Charles Bedford of the Nature Conservancy writes in today's Denver Post of the creation of the (deep breath) Salt Cedar and Russian Olive Control Assessment and Demonstration Act, now in Congress. (Salt cedar=tamarisk)

The photo shows tamarisk on the Colorado River in the lower Grand Canyon (Dept. of the Interior).

Tamarisk trees in lower Grand CanyonThe indictment:

Its prolific seeds and high salt content enable it to quickly replace native cottonwoods, willows, grasses and other plants, degrading the habitat for native wildlife, especially birds. Its spread also decreases forage for livestock and increases fire hazards.

But what drives the funding is the water it sucks up (as do cottonwoods, willows, etc., but let's not go there).

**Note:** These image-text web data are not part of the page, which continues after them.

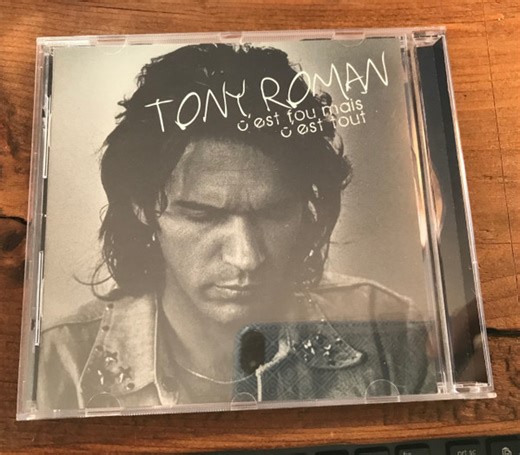 Tony Roman - C'est Fou Mais C'est Tout
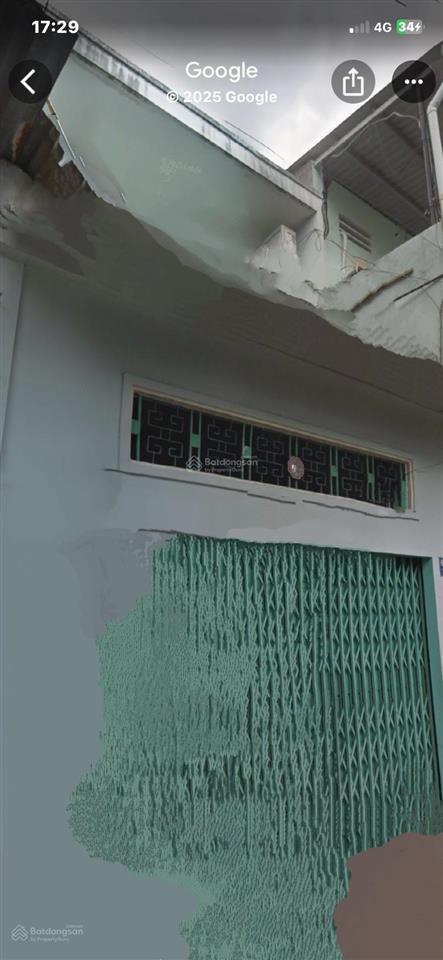 Bán gấp nhà hẻm xe tải tránh, trung tâm bàu cát 64m2, 4x16m nhỉnh 4 tỷ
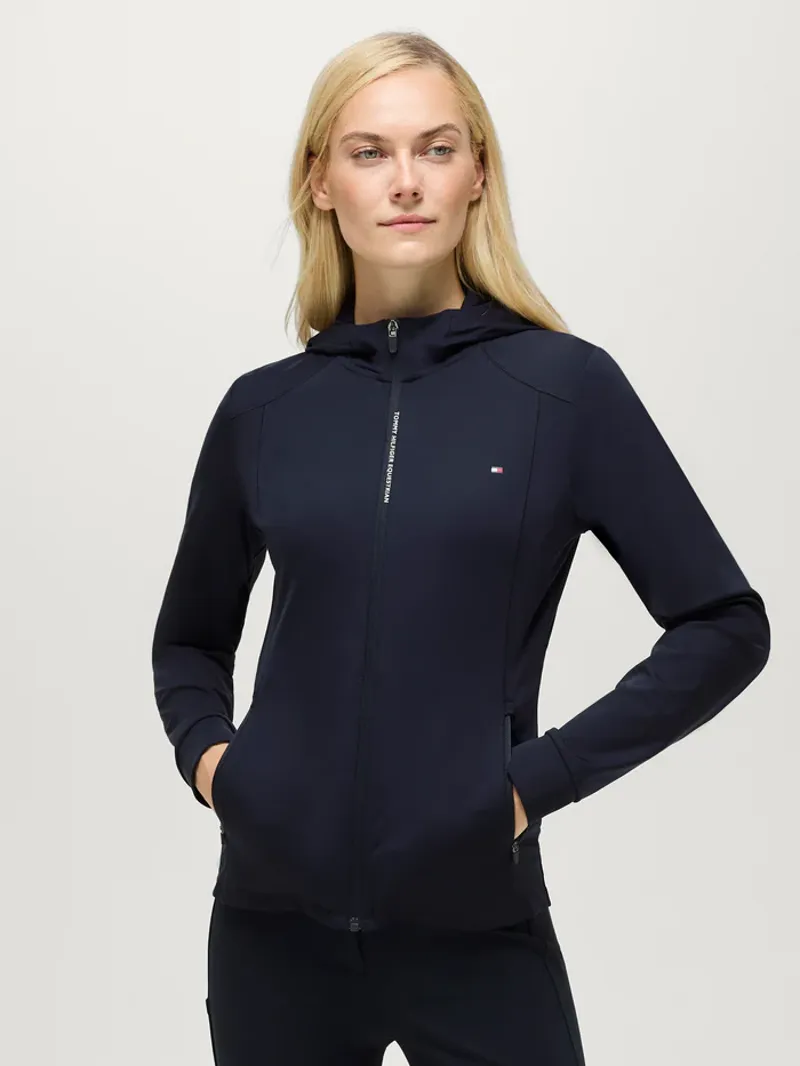 Tommy Hilfiger Nevada Windbreaker - Desert Sky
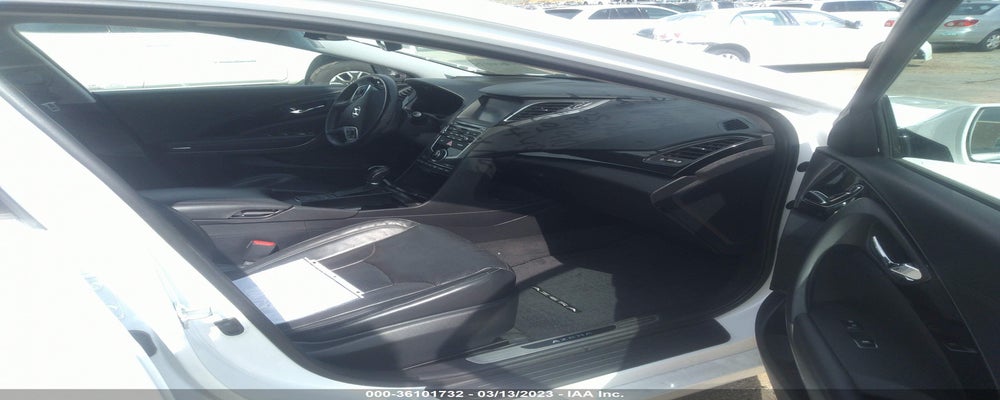 KMHFH4JG4HA586144 2017 HYUNDAI AZERA photo no. 5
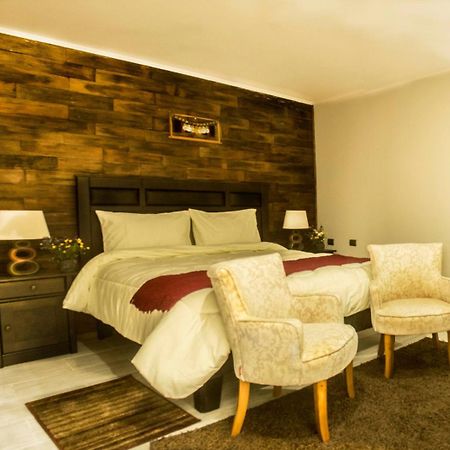 Cabana & Loft El Laurel Temuco Eksteriør billede
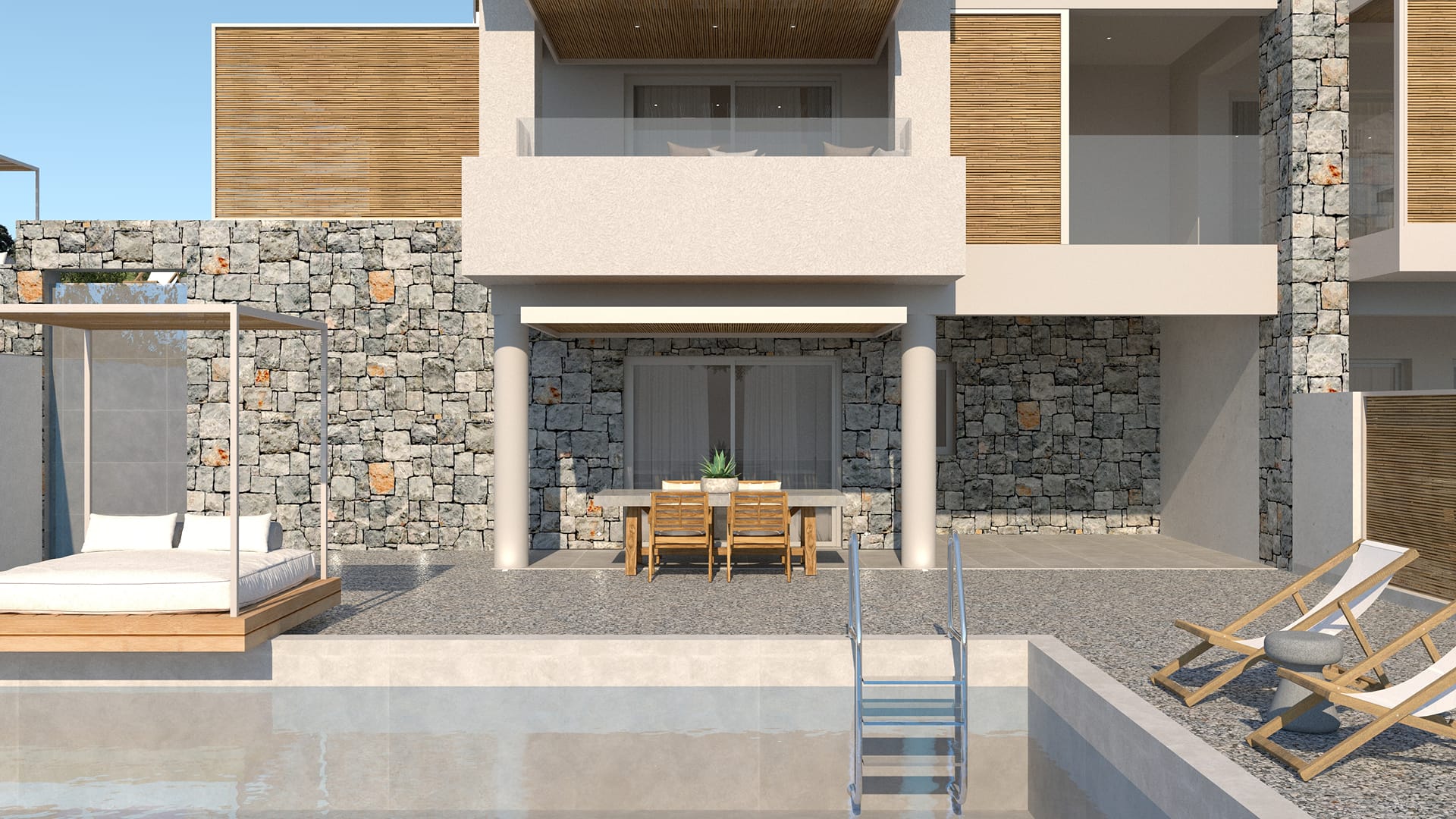 Signature Suite | Private Pool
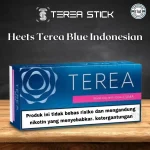 IQOS Heets Terea Blue Indonesian Version in UAE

Today's Pueblo Chieftain had two articles: goats versus tamarisk and beetles versus tamarisk. I have mentioned the beetle trials before. (Links may expire.)

First the goats:

On cue, a few of the more media-savvy goats began furiously gnawing on small tamarisk plants by the river, knocking them over and munching down branches like so many French fries.

Which must be how they taste. Tamarisk, also known as salt cedar, are infamous for leaching salt to the surface. Their leaves increase the salinity of the very ground they grow in. Goats are one of the few animals that find them tasty.

As to the beetles, sometimes bureaucracy's right hand knows not what the left hand does:

In 2001, the beetles were released, but so far have not ventured far from the original test site below Pueblo Dam, because there are few large stands in the immediate area and their population has been knocked back by mosquito spraying.

However, if you view tamarisk as intrinsically evil, I suppose that the Uzbek ranger on horseback would like to have some words with you.